Since being built in 1900, Long Street Methodist Church and School Rooms has been know as that. However following the building being transferred to the GMBPT in 2010 the site was given the addition name of The Edgar Wood Centre, which was appropriate and mainly applied to the hall and school rooms.

This has led to some confusion as this name was given to the First Church of Christ Scientists, Daisy Bank Rd, (also by Edgar Wood) when it was taken over by Manchester University over twenty years ago.

The EWS committee and GMBPT trustees had a brain storming session on Thursday to come up with name suggestions that may give reference to its past and planned use for weddings, conference and community, Edgar Wood, its location and something that trips off the tongue.

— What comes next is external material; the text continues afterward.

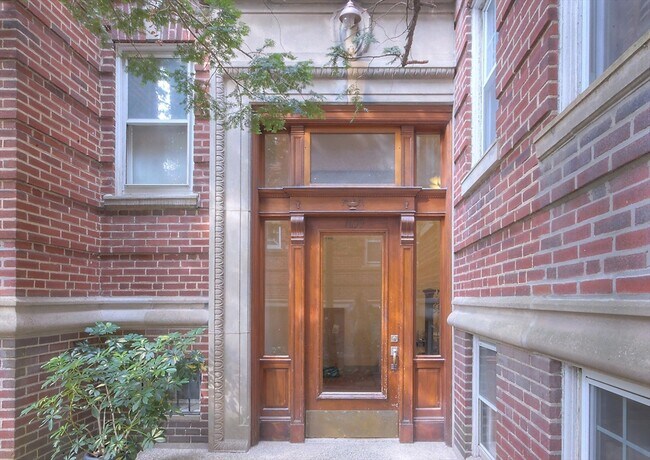 Foto del edificio - 1699 Cambridge St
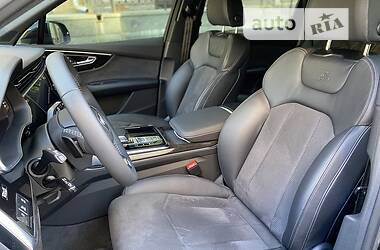 Позашляховик / Кросовер Audi Q7 2021 в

You would think this would be an easy task! Difficult.

First Post of 2019

Long time friend of Long Street Methodist Church and the Edgar Wood Centre, Andy Marshall, a nationally renowned architectural photographer came to do some shots for the proposed restoration commemoration book.

 Sorry Andy, my image doesn’t match your quality.

27 November was a Busy Day

Nick Berry from Viridor Credits arrived on schedule to look around the school rooms following the restoration (we think it was an inspection of the work) although he didn’t say so. Viridor Credits assisted in supporting the project with a grant and we found them helpful throughout the process and the GMBPT are grateful for their input.

As Nick left the building thirty, year two pupils arrived from Elmwood Junior School, also designed by Edgar Wood. They were being ‘building detectives’ and had previously visited the Parish Church and the Queen Elizabeth’s Grammar School, both of which have connections to EW. The children looked around the Church and answered ‘searching’ questions before looking around the school rooms. They were especially surprised by how small the classrooms around the hall were compared with their school classrooms.

It was good to have the children for a visit and we hope they enjoyed there time with us and that we may see them on another visit in the future.